* _EXERCISE DATA_:
※

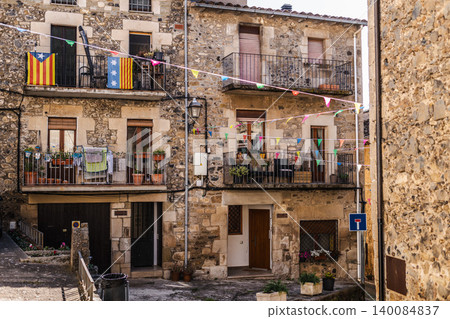 Traditional stone houses with balconies and colorful festival decorations in historic Catalan village square Traditional stone houses with balconies and colorful festival decorations in historic Catalan village square 140084837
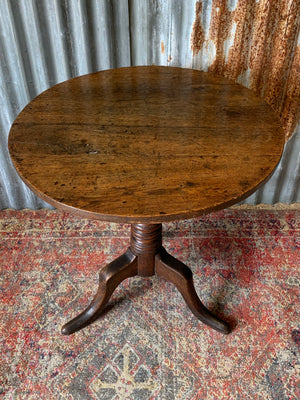 A Georgian oak tilt top table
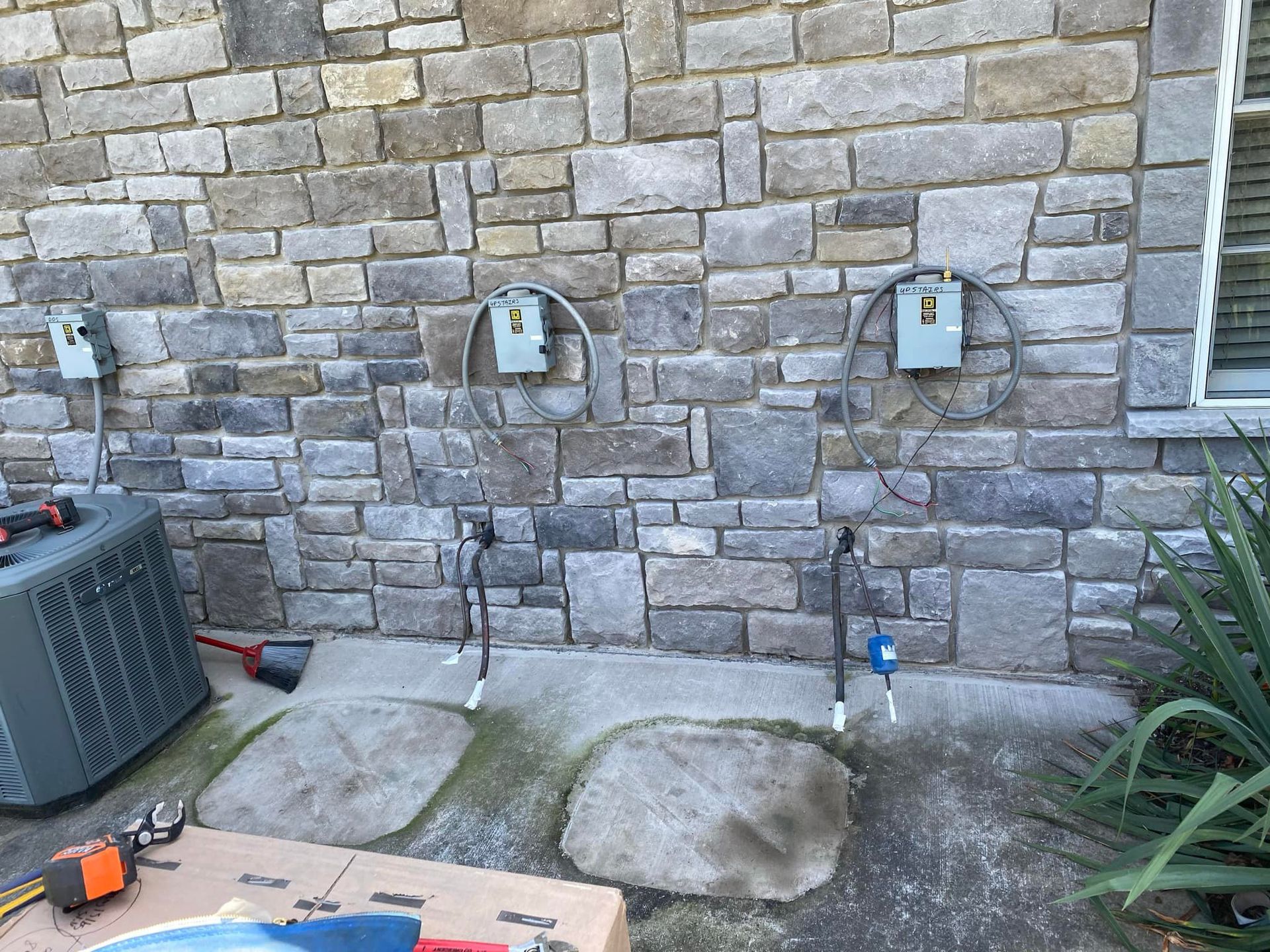 A brick wall with three electrical outlets on it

※

* _WHAT THE TASK ASKS_:
Print every line of the data exactly. Pictures do not belong in the copy.

* _ANSWER TO THIS TASK_:
 Traditional stone houses with balconies and colorful festival decorations in historic Catalan village square Traditional stone houses with balconies and colorful festival decorations in historic Catalan village square 140084837
 A Georgian oak tilt top table
 A brick wall with three electrical outlets on it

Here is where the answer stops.